JUPITER, Fla. -- After weeks of wondering who would win the Cardinals' fifth rotation spot and whether the one left out would end up in the bullpen or the Minors, it appears as if both Shelby Miller and Joe Kelly will have Major League jobs on Opening Day.
Saturday's news that Jason Motte was shut down with an elbow injury brought clarity to a pitching competition that seemingly had three pitchers -- Miller, Kelly and Fernando Salas -- competing for two roster spots. With an unanticipated opening now in the bullpen, all three are expected to make the team.
"That definitely makes a different scenario for us," manager Mike Matheny said. "It puts different people in different positions. But once again, we're going to continue to finish riding out a couple more days here, watch another start, see what we have. It definitely gives a different look to it."
The Cardinals have chosen to give Miller, not Kelly, the start Monday, which would seem to indicate how they are leaning. Miller, who tossed four scoreless innings in his start Tuesday, has been strong all spring in his pitch for a rotation spot.

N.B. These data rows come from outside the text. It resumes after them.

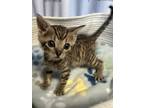 Adopt Cheese Bro a Domestic Short Hair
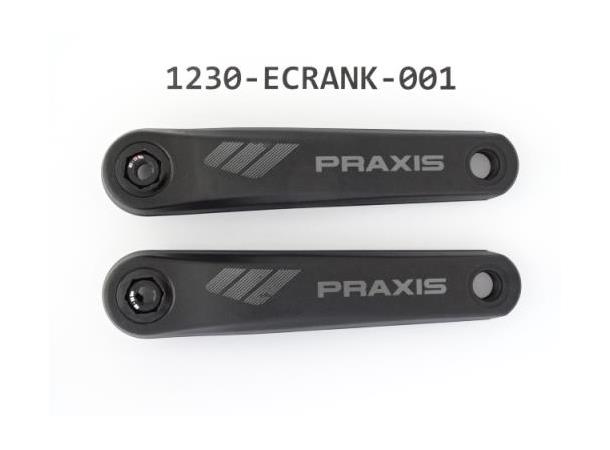 Giant E Krankarmer PRAXIS 2D 160mm H+V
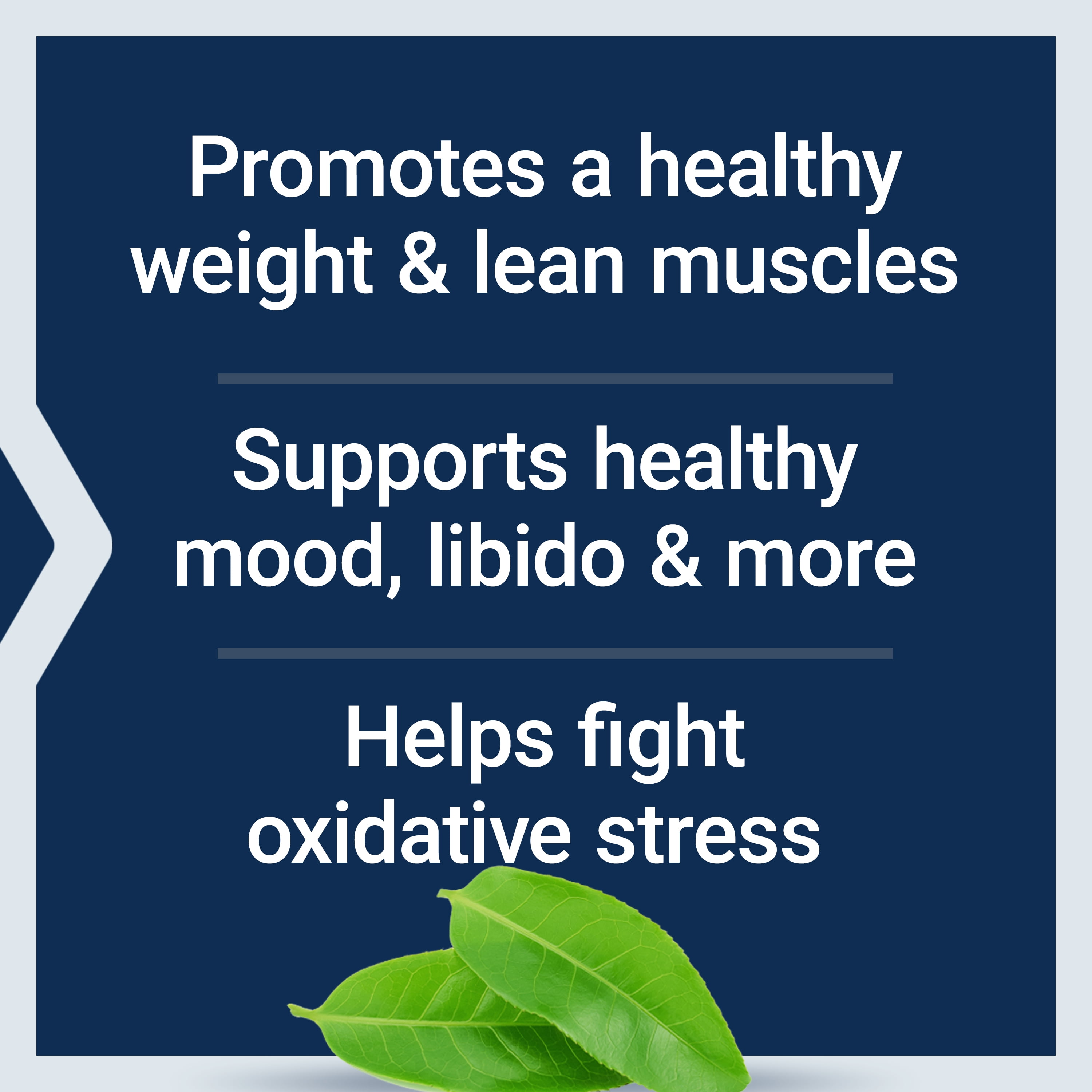 Life Extension DHEA Complete, with 7-Keto® DHEA, promotes optimal hormone levels & weight management, gluten free, non-GMO, vegetarian, 60 capsules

If Miller gets it, Kelly could then slot into a relief role; Salas would, as well. The rest of the Cardinals' projected bullpen would include Mitchell Boggs, Edward Mujica, Trevor Rosenthal, Randy Choate and Marc Rzepczynski.
"We've got a good group of guys down there in the bullpen," Motte said. "We've had guys step in year in, year out, so I don't feel like anyone is in a panic."
With Boggs taking over as the team's closer, the Cardinals still need to define how they will cover the preceding innings. Mujica and Rosenthal figure to factor into that late-inning mix. Choate will, too, though his role will continue to be left-on-left specific.
"I think we certainly have the guys out there who can step into any role, any situation and be very, very good," Boggs said. "Even without Jason, our bullpen and the guys in that bullpen are extremely good. And when we get Jason back, we'll be that much better. We have to go out and take care of business and do the things that we can control. But if we do that, there's no reason that we can't be as good as anybody in the league."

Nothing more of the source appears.